Un altro equivoco ancora diffuso in Occidente è che la Cina sia un capitalismo di stato. In realtà, a fianco del sistema pubblico, che esiste anche da noi, si è creato un sistema privato ultracapitalista e ultraconcorrenziale. Il potere politico è meno sensibile che in Occidente alle pressioni dei magnati e i gruppi d’interesse hanno influenza a livello locale, ma molto meno a livello nazionale.

La grande differenza tra Occidente e Asia non passa dunque per il grado di controllo pubblico dell’economia, che in alcuni settori è maggiore da noi che da loro (si pensi all’auto, con Renault e Volkswagen pubbliche e i produttori cinesi tutti privati).
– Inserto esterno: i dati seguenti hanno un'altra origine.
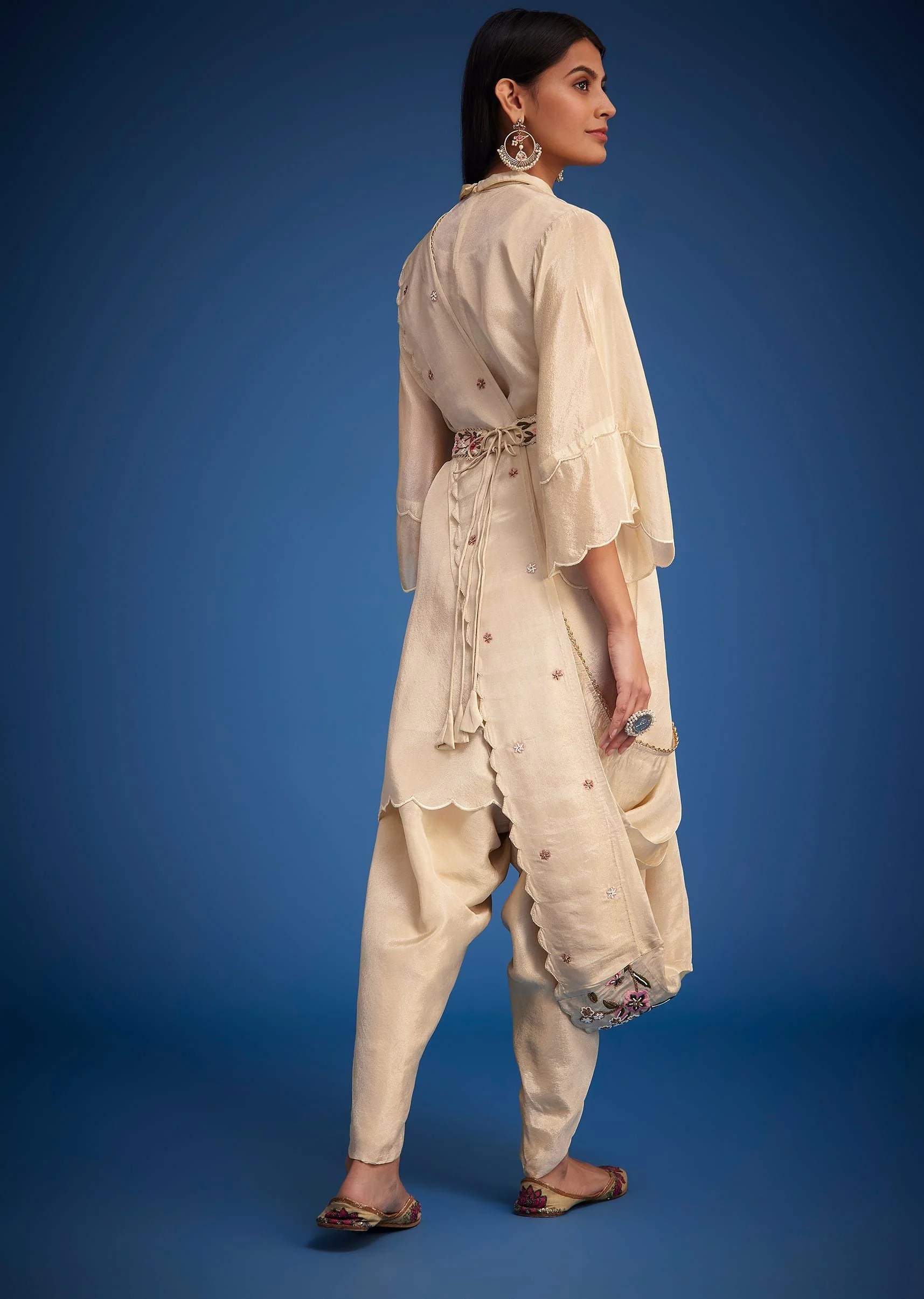 White Tissue Embroidered Dhoti Set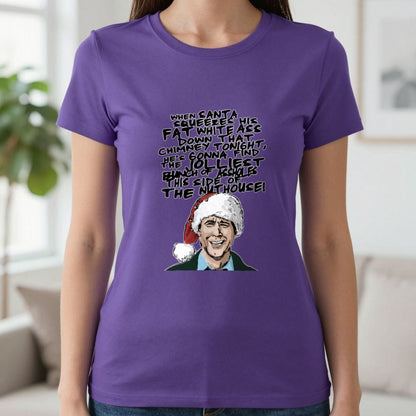 When Santa Squeezes Christmas Quote T-Shirt & Sweatshirt in Purple, worn, our photo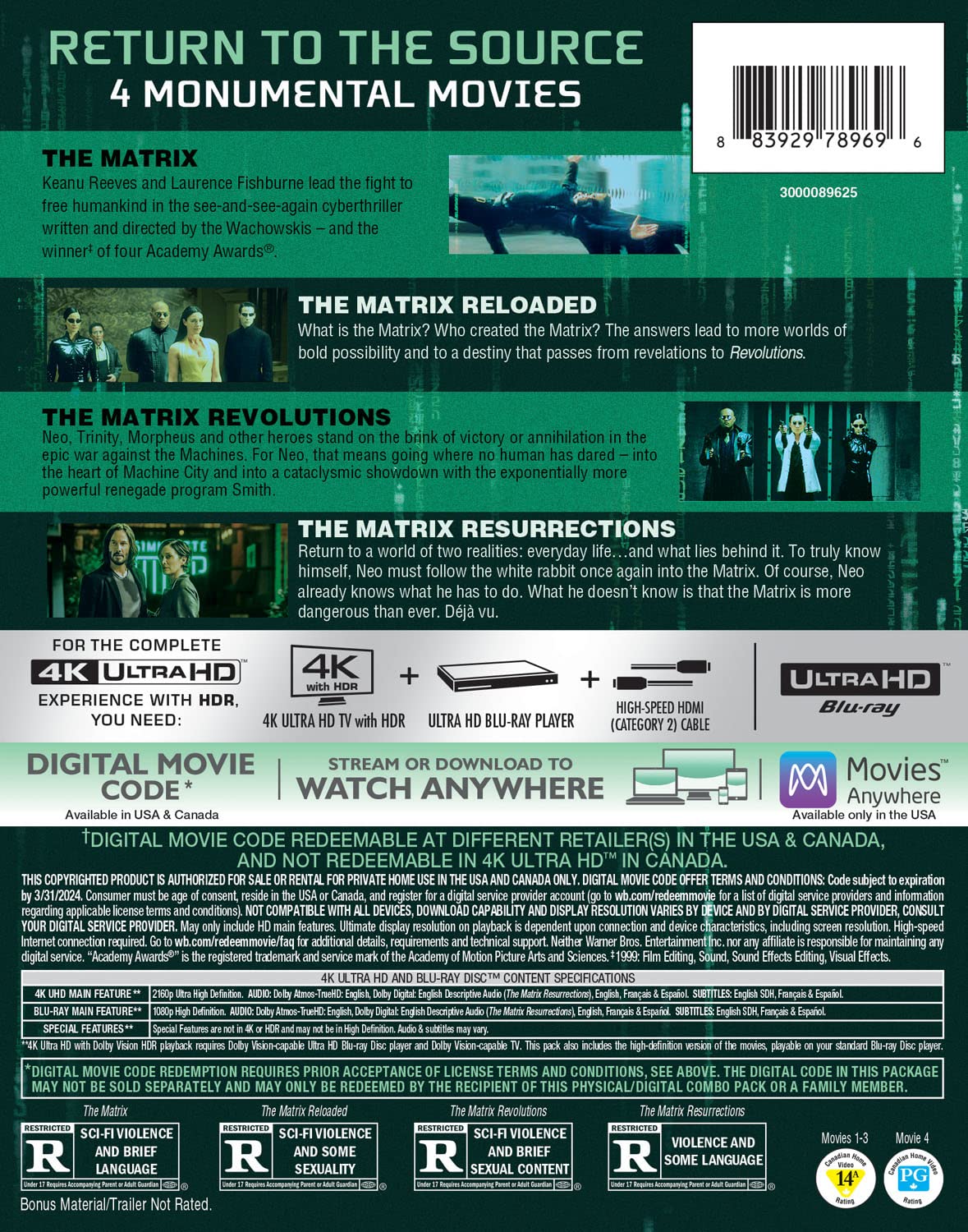 The Matrix 4-Film Déjà Vu Collection 4k Blu-ray back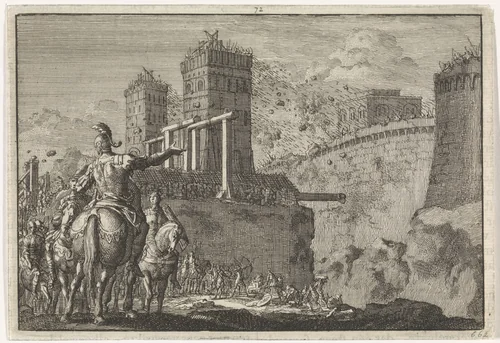 Beleg van Jeruzalem by Jan Luyken, print, 1704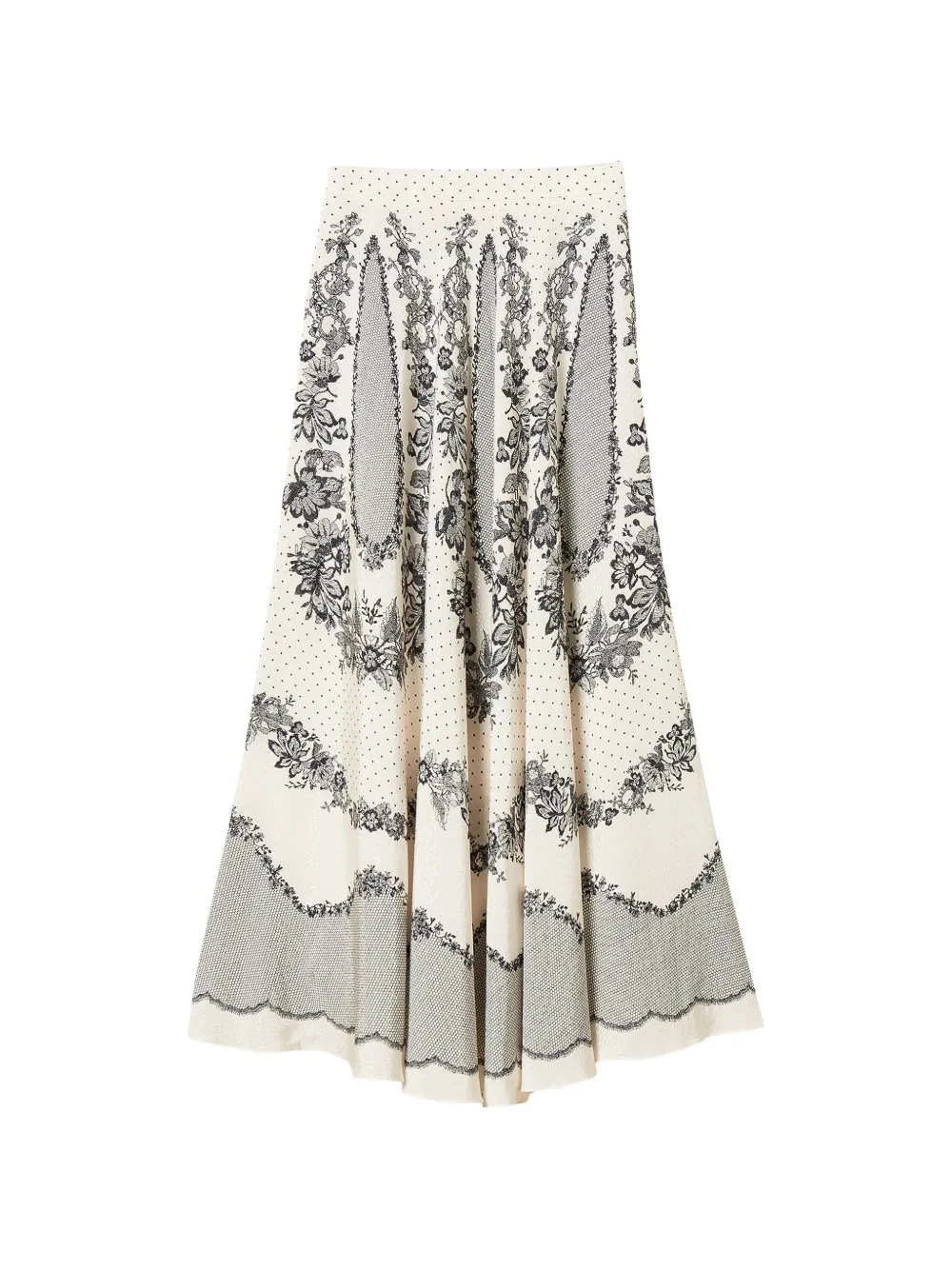TWINSET Satijnen maxi-rok met stippen en bloemen-patroon Beige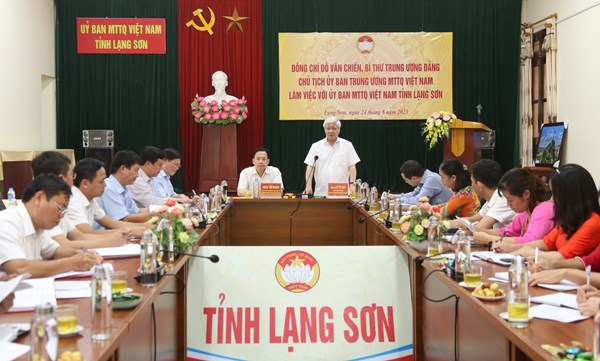 Chủ tịch Ủy ban Trung ương MTTQ Việt Nam làm việc với Ủy ban MTTQ tỉnh Lạng Sơn
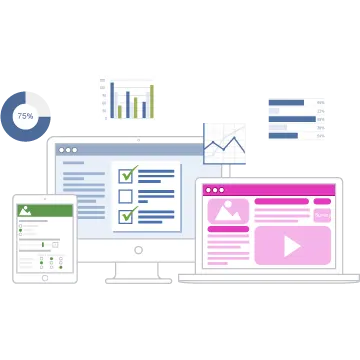 Schermate di vari dispositivi che visualizzano un sondaggio online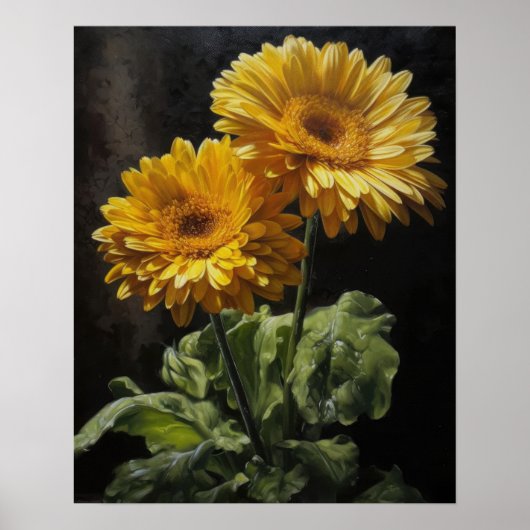 Gele Gerbera Daisy Art Print Poster (Voorkant)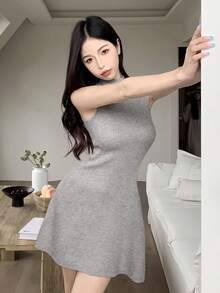 Váy len không tay kiểu Pháp nhẹ nhàng, váy mini len đan cho nữ, váy yếm chữ A thanh lịch, phong cách tối giản gợi cảm khi đi làm của Pháp - Xám - Xem 5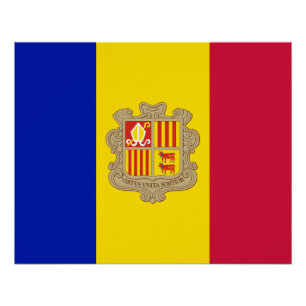 Patriottische vlag van Andorra Perfect Poster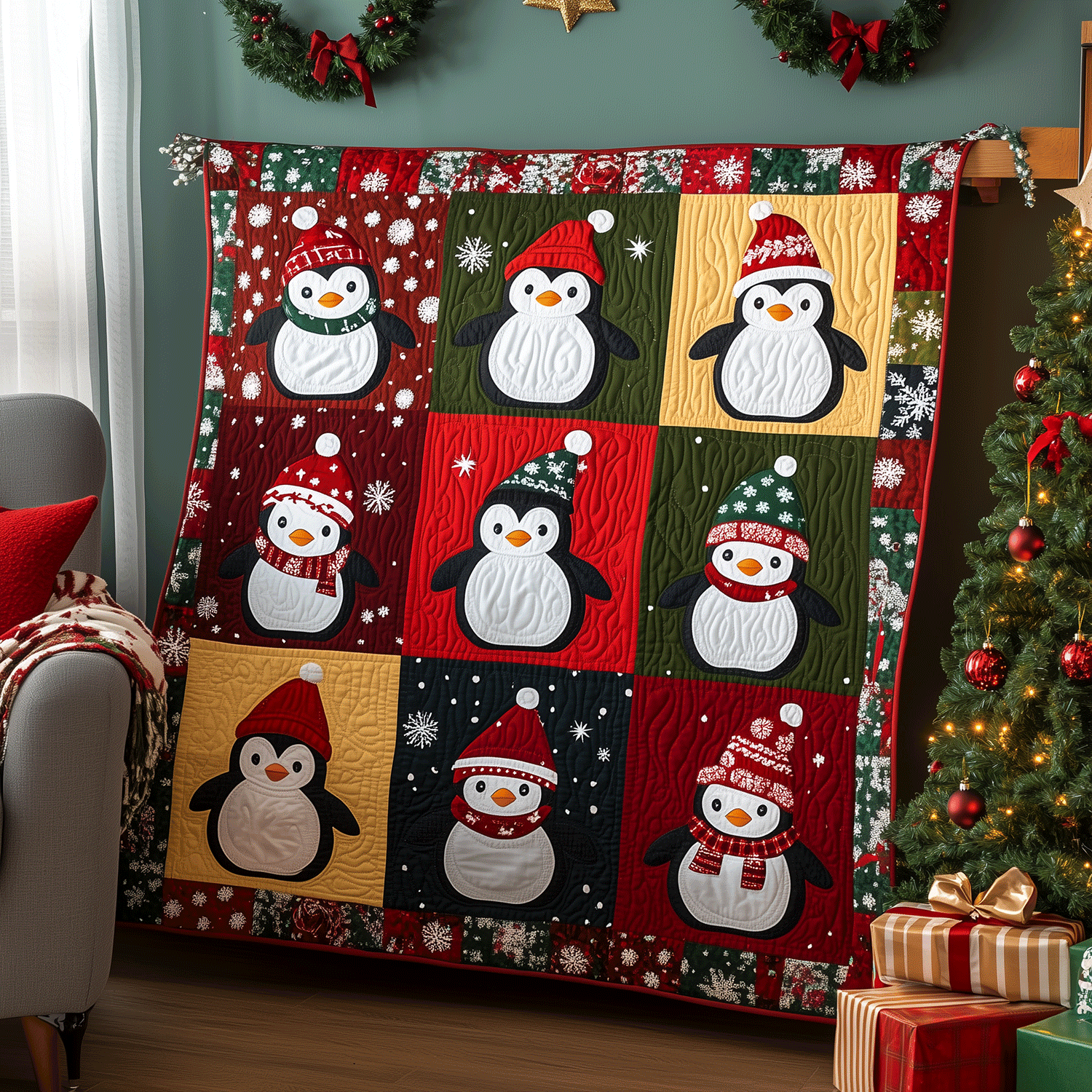 Frosty Feathered Friends Quilted Blanket Penguin Gifts For Adults Frosty Feathered Friends Quilted Blanket Penguin Gifts For Adults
La differenza è nell’obiettivo strategico delle imprese private, che da noi è la massimizzazione del profitto per gli azionisti, mentre in Asia (con l’eccezione dell’India) è la massimizzazione della quota di mercato. Il risultato è che l’impresa occidentale non scarica sui prezzi i miglioramenti di produttività e li distribuisce agli azionisti come extraprofitti. In Asia i miglioramenti di produttività vengono invece immediatamente scaricati sui prezzi, con vantaggio dei consumatori (noi occidentali importatori inclusi, naturalmente). Inoltre noi usiamo la finanziarizzazione per alzare il prezzo di borsa (ad esempio con l’acquisto di azioni proprie), in Asia molto meno.

La presenza di molte aziende pubbliche non o poco profittevoli da una parte, i profitti delle imprese private sacrificati sull’altare della quota di mercato dall’altra spiegano dunque l’apparente mistero. Ci riferiamo al fatto che mentre l’economia asiatica cresce strutturalmente più delle nostre e conquista ogni anno quote di mercato, le nostre borse vanno molto meglio delle loro. Il contrario vale per i bond, almeno per quelli cinesi. L’Asia produce ed esporta deflazione e i suoi bond salgono di prezzo.

Dal punto di vista azionario, dunque, l’Asia è una grande trappola di valore. È eternamente sottovalutata rispetto a noi, ma continua a esserlo perché i suoi profitti sono bassi e crescono poco per costruzione.

Qualcosa però sta cambiando e in un mondo, il nostro, in cui le valutazioni hanno raggiunto livelli elevati, è per un gestore un peccato di omissione non prestare attenzione a quello che sta accadendo in Asia.

Ci riferiamo in particolare a Corea e Cina, anche perché il Giappone è in una fase complessa e anche confusa di ricerca e ridefinizione delle sue priorità.

In Corea l’ampio rialzo azionario dell’ultimo mese segue l’elezione a presidente di Lee Jae-myng. La borsa anticipa le riforme che Lee ha presentato in campagna elettorale, particolarmente favorevoli per gli azionisti e per le imprese. Non stiamo dando necessariamente un’indicazione  di acquisto (molto è già nei prezzi) ma segnalando un cambiamento di mentalità in un paese in cui gli azionisti sono sempre stati trascurati.

Ancora più significativi i cambiamenti in Cina. L’inflazione al consumo anno su anno è negativa (- 0.1) e il governo teme che, di fronte ai dazi di Trump, le imprese cinesi si preparino ad abbassare ulteriormente i prezzi. Da qui, come riporta China Banking News, i richiami crescenti, che presto potrebbero diventare linea ufficiale, affinché le imprese evitino la spirale della concorrenza (involuted competition, che sta anche per concorrenza assurda) facendosi la guerra tra loro a tutto vantaggio del consumatore americano e a danno dei profitti. I profitti ci vogliono, va dicendo il governo cinese, ed è meglio che le imprese usino gli aumenti di produttività per finanziare la ricerca e migliorare i loro prodotti piuttosto che per tagliare i prezzi.

Detta così, gli utili per gli azionisti non sono ancora la priorità, ma è già un passo in quella direzione. A questo va aggiunta l’idea, proposta da economisti autorevoli e vicini al governo, di promuovere un generale rialzo strutturale della borsa cinese per creare tra gli investitori un effetto ricchezza che rovesci il clima depresso diffusosi in seguito allo sgonfiarsi della bolla immobiliare e aumenti la propensione ai consumi interni. L’export cinese sta andando molto bene, ma prima o poi i mercati esteri diverranno meno ospitali e sarà indispensabile sostenere in tutti i modi il mercato interno.

In conclusione, i nostri mercati azionari appaiono solidi e la correzione d’autunno, se ci sarà, si profila contenuta. Il mondo però è grande e merita attenzione.